Simon Willison Addresses AI Writing Accusations
- •Simon Willison refutes accusations of using generative AI models to write his personal blog content.
- •The perceived 'LLM smell' is actually a result of legacy Python code for em dash formatting.
- •The incident demonstrates the risks of misidentifying human-authored content as synthetic based on stylistic patterns.
Simon Willison, a well-known technologist and co-creator of the Django web framework, has addressed recurring accusations that he uses Large Language Models (LLMs) to write his blog content. The critique often centers on what is colloquially known as "LLM smell"—a set of stylistic tics, formatting choices, or structural patterns that readers frequently associate with AI-generated text. In Willison’s case, the primary "offense" is his frequent and precise use of em dashes, a punctuation mark often utilized by AI models to create complex, multi-clause sentences.

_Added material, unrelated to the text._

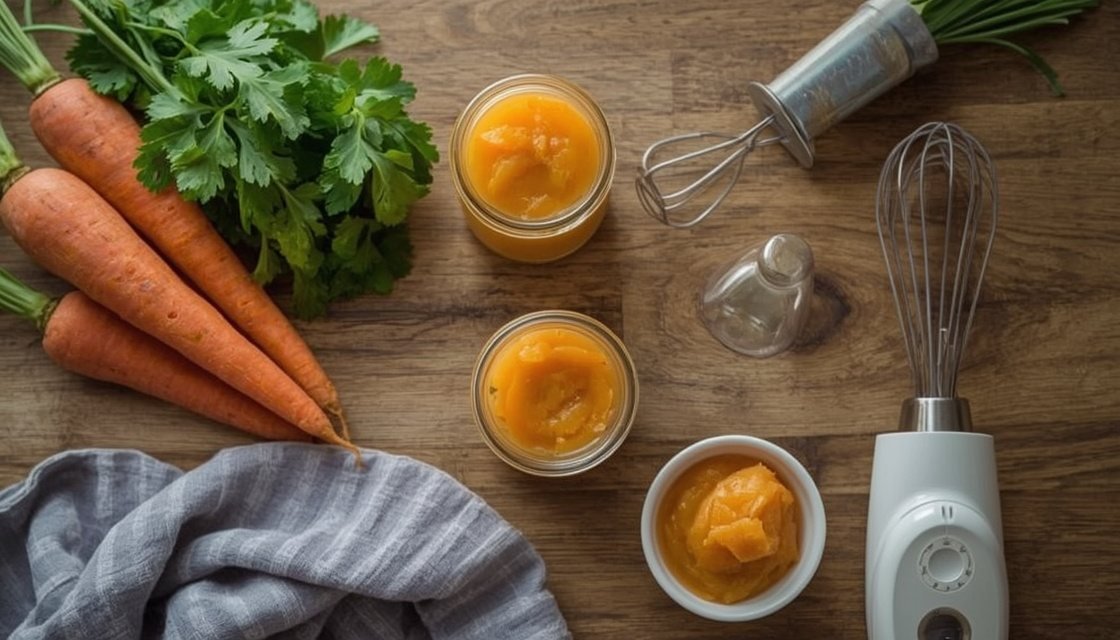 Beikost im ersten Jahr: selbst kochen vs. Gläschen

The reality, however, is far more mundane and predates the modern AI era. Willison revealed that his use of em dashes is the result of a specific Python code snippet he implemented in 2015. This script automatically scans his blog posts and replaces standard hyphens surrounded by spaces with a formal em dash. This automation was part of a migration to GitHub nearly a decade ago, long before ChatGPT or similar models became household names. This highlights a significant challenge in the current digital landscape: the tendency to retroactively label human habits as AI-generated artifacts.
This incident serves as a critical case study in the difficulty of AI detection based purely on stylistic "vibes." As users become more attuned to AI patterns, they risk misidentifying genuine human creativity and personal automation as synthetic output. Willison’s situation suggests that while AI models are trained on human data, humans also employ tools and scripts that mimic the structured consistency of machines. Ultimately, the presence of a specific punctuation mark or formatting style is a poor proxy for determining the origin of a piece of writing.